● **Problem**:
Look through the data below for the line with "VALICLUD Palette De" and the line with "Reach British Standrad", then output those two and all lines in between, exactly as written.

● **Extracted data**:

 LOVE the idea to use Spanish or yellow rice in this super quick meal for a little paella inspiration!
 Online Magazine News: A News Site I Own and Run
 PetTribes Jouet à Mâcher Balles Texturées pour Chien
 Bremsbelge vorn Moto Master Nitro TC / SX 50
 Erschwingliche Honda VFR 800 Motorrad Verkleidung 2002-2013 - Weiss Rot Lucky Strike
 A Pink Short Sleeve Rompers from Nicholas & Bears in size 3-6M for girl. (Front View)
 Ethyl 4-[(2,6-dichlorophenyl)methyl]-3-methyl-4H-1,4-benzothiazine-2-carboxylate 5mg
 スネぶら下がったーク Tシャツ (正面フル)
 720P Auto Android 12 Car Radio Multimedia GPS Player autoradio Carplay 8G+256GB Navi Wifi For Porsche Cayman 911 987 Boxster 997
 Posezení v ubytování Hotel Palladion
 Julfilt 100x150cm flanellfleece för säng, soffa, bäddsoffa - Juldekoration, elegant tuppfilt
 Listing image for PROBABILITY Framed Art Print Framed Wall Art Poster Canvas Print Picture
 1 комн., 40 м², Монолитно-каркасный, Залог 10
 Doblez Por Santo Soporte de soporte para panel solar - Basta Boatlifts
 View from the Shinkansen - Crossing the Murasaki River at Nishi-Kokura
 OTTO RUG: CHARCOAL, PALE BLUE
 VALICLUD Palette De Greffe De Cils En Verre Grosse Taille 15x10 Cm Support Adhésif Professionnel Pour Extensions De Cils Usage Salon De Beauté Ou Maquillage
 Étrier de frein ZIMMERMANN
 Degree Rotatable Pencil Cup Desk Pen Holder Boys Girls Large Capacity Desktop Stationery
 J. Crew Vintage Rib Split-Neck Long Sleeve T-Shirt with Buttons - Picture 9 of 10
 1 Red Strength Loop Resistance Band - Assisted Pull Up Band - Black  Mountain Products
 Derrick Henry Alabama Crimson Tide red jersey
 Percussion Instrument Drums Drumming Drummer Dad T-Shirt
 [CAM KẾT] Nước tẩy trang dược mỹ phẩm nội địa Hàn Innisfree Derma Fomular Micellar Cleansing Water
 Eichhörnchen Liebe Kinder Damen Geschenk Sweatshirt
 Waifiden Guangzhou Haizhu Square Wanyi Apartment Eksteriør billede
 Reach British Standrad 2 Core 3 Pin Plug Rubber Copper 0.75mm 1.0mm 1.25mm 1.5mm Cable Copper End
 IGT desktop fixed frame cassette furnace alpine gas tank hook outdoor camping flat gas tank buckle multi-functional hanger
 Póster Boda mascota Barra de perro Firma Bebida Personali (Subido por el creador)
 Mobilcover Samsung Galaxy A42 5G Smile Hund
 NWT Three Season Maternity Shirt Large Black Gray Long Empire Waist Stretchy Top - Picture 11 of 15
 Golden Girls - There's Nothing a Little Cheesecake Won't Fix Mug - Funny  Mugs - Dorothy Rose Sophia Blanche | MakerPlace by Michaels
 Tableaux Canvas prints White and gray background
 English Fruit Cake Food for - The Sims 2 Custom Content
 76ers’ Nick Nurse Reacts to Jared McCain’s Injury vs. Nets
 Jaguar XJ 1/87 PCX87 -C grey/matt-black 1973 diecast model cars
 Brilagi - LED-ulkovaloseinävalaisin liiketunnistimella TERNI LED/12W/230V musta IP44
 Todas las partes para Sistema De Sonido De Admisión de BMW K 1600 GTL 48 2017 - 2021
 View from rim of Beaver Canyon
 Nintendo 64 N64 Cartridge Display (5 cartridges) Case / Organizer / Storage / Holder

● **Expected output**:
 VALICLUD Palette De Greffe De Cils En Verre Grosse Taille 15x10 Cm Support Adhésif Professionnel Pour Extensions De Cils Usage Salon De Beauté Ou Maquillage
 Étrier de frein ZIMMERMANN
 Degree Rotatable Pencil Cup Desk Pen Holder Boys Girls Large Capacity Desktop Stationery
 J. Crew Vintage Rib Split-Neck Long Sleeve T-Shirt with Buttons - Picture 9 of 10
 1 Red Strength Loop Resistance Band - Assisted Pull Up Band - Black  Mountain Products
 Derrick Henry Alabama Crimson Tide red jersey
 Percussion Instrument Drums Drumming Drummer Dad T-Shirt
 [CAM KẾT] Nước tẩy trang dược mỹ phẩm nội địa Hàn Innisfree Derma Fomular Micellar Cleansing Water
 Eichhörnchen Liebe Kinder Damen Geschenk Sweatshirt
 Waifiden Guangzhou Haizhu Square Wanyi Apartment Eksteriør billede
 Reach British Standrad 2 Core 3 Pin Plug Rubber Copper 0.75mm 1.0mm 1.25mm 1.5mm Cable Copper End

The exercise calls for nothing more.